“What Nietzsche Did to America”

From the Sunday Book Review, New York Times: “What Friedrich Nietzsche Did to America” —

And really, there’s no such thing as too much Nietzsche:

“With escalating intensity, he issued innovative works of philosophy that challenged every element of European civilization. He celebrated the artistic heroism of Beethoven and Goethe; denigrated the “slave morality” of Christianity, which transfigured weakness into virtue and vital strength into sin; and called on the strong in spirit to bring about a “transvaluation of all values.” The “higher man” — or as Nietzsche sometimes called him, the “overman” or “Übermensch” — did not succumb to envy or long for the afterlife; rather he willed that his life on earth repeat itself over and over exactly as it was. In later works, Nietzsche wrote with continued brilliance and growing megalomania of his disdain for the common “herd,” the dangers of nihilism and the possibility that the will to power is the “Ur-fact of all history.”

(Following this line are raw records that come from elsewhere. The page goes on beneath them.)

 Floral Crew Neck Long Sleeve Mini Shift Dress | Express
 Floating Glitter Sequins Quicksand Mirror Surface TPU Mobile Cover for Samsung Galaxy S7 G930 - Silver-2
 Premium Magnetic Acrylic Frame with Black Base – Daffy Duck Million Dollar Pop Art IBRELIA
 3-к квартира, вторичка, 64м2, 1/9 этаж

American Nietzsche by Jennifer Ratner-Rosenhagen (University of Chicago Press) sounds like an excellent study to me. (interesting note: you can buy a 30-Day ebook license of American Nietzsche for $7.00): “Ratner-Rosenhagen concludes that Cavell, Bloom and the pragmatist philosopher Richard Rorty constructed “an American Nietzsche” by drawing upon “philosophical interpretations which understood that in a world without foundations, our views of truth, language and the self are not mirrors of reality but useful fictions to explore new avenues of discovery, new sources of wonder.”

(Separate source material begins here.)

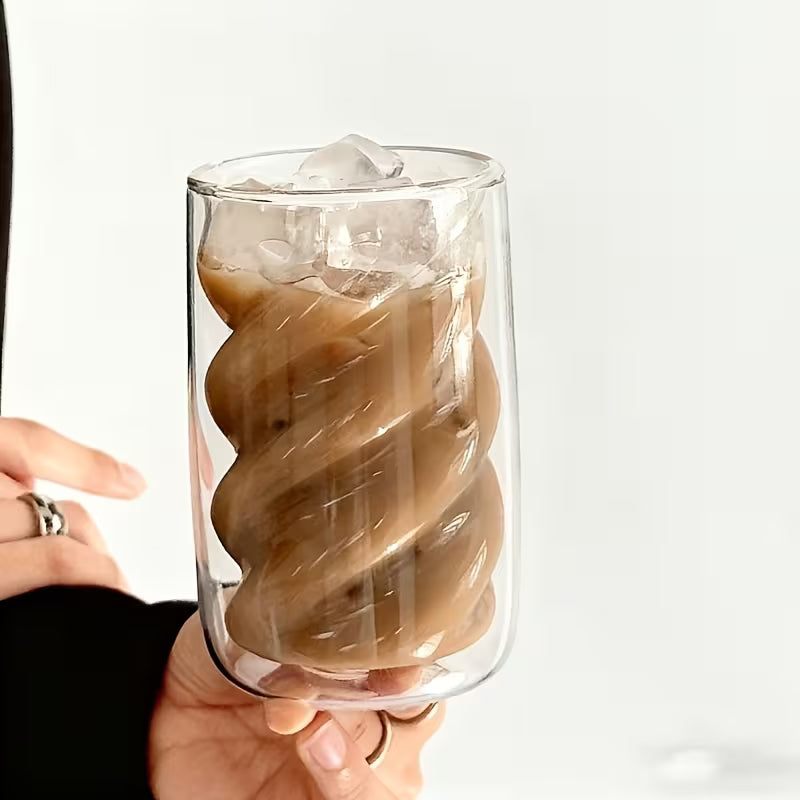 4-Piece Double-Wall Insulated Glass Coffee Cups – Heat-Resistant Glass Coffee & Milk Cups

An intellectual history of Nietzsche in the United States covers a lot of ground, after all (the relationship between Nietzsche and Emerson is particularly interesting). I’ll resist quoting page-long passages here. But, here are a few of the good parts:

  1. “From the start, Nietzsche’s American readers were bewitched and bedeviled … young Americans who felt estranged from their culture, and has continued to do so. But today’s inescapable and perplexing Nietzsche is not necessarily the same Nietzsche who inspired readers in the past”

  1. “The German émigré and Princeton professor Walter Kaufmann almost single-handedly revived his standing with his many translations and forceful reminder that Nietzsche hated anti-Semites and German nationalists as well as woolly-headed romantics. Kaufmann’s Nietzsche was a late flower of the Enlightenment, a tough-minded rationalist with the courage to face the Darwinian revelation that there is no purpose to nature or to our existence. The true task of the overman was to overcome himself, not others, and to do so by sculpturing his impulses and thoughts and inheritances into a willed unity that could be called “style.”

  2. “As Ratner-Rosenhagen shows, a later generation of American interpreters, influenced by Michel Foucault and Jacques Derrida, esteemed Nietzsche not as the guarantor of the individual but as its dismantler. “The ‘doer’ is merely a fiction added to the deed,” Nietzsche wrote in “On the Genealogy of Morals,” and the implication was clear: If God was dead, so too were equally fictitious entities like the self. There was no objective truth, only the truth-effects engendered by the workings of power and the instabilities of language. Even as this poststructuralist Nietzsche occupied the university in the 1980s, it bred a counterreaction from conservative intellectuals.”